Принципат Тиберия создал атмосферу страха среди сенаторов и наиболее видных всадников, который пробудил старые воспоминания о гражданских войнах и проскрипциях и который никогда не исчезал при его преемниках. Настроение в обществе сильно отличалось от того, что господствовало в эпоху Августа, и отличалось оно отчасти потому, что во время триумвирата Август возбудил достаточный страх, чтобы напугать всех, за исключением самых дерзких или неблагоразумных заговорщиков. Важнее то, что Август проявлял осторожность в манере держаться с наиболее значительными людьми государства, дружески общаясь с ними и относясь к ним с уважением. Непредвиденные последствия неуклюжего обращения Тиберия с обществом и окончательный его уход из города привели к тому, что последующим принцепсам стало куда труднее прибегать к такому невзыскательному образу действий. Сын Ливии, возможно, был дурным человеком, каким его изображают наши источники, но, по крайней мере, он оказался плохим принцепсом. При нем монархия стала менее замаскированной, а существование двора и придворных все более бросалось в глаза. Сеян поднялся столь высоко исключительно благодаря расположению принцепса, так и не проявив талантов воина или магистрата.[742]
Октавий, Цезарь и Август
Эта книга не о преемниках Августа и не об изменениях, которые они совершили в природе принципата, ибо таковые сами по себе являются значительными предметами для обсуждения. По мнению самих римлян, Август был лучше почти всех своих преемников, и намного позже вошло в обычай выражать надежду, что каждый император будет «лучше, чем Траян, и счастливее, чем Август» (если вспомнить о преждевременной утрате им столь многих своих близких родственников). Несмотря на ностальгию по аристократическому правлению времен республики, которая чаще всего проявлялась в восхвалении Брута и Кассия, сенаторы не выражали возмущения и, разумеется, не оказывали серьезного противодействия существующим реалиям принципата. Только последующее убийство Калигулы заставило сенат на короткое время заговорить о возврате к республике, но от этой мысли скоро отказались, и вместо этого сенаторы обратились к решению вопроса о том, кого следует избрать принцепсом. Все признавали, что принципат функционирует, хотя и воспринимали это достаточно сдержанно. Значение имело то, был или не был император хорошим человеком и хорошим правителем, о чем судили на основании успехов во внутренней и внешней политике, а также то, чтобы он относился к сенаторскому сословию с подобающим уважением. В этом отношении система правления Августа не вызывала возражений, а сам Август стал выдающимся образцом хорошего принцепса. И здесь смогли проявиться несколько более явные признаки его успеха.[743]

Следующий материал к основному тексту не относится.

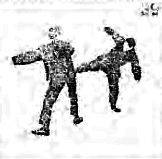 Основной курс тренировок. Том 2 - _39.jpg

О самом этом человеке тогда и теперь судить намного труднее, ибо он проявлял себя очень по-разному, чтобы можно было легко выносить о нем вердикт. В какой-то момент – возможно, не ранее убийства Юлия Цезаря, но утверждать этого мы не можем – он принял решение стать первым в государстве, и все, что он делал, было направлено к этой цели. Для ее достижения он без колебаний прибегал к насилию, и поэтому в последующие годы убивал и устрашал, меняя союзников сообразно с требованиями момента. Честолюбие было в крови у любого римского аристократа, но никогда прежде не случалось так, чтобы честолюбие это не ограничивали некоторые условности и чтобы оно столь явно было нацелено на завоевание постоянной, не предполагающей соперников, верховной власти – но, с другой стороны, никогда прежде никто не являлся наследником Юлия Цезаря, пожизненного диктатора и обремененного почестями бо́льшими, нежели те, которые когда-либо в прошлом оказывались кому бы то ни было из римлян. Положение, в котором находился молодой Август, было столь же беспримерным, как и его деяния, но по меньшей мере мотивы его поведения коренились в традициях того класса общества, к которому он принадлежал.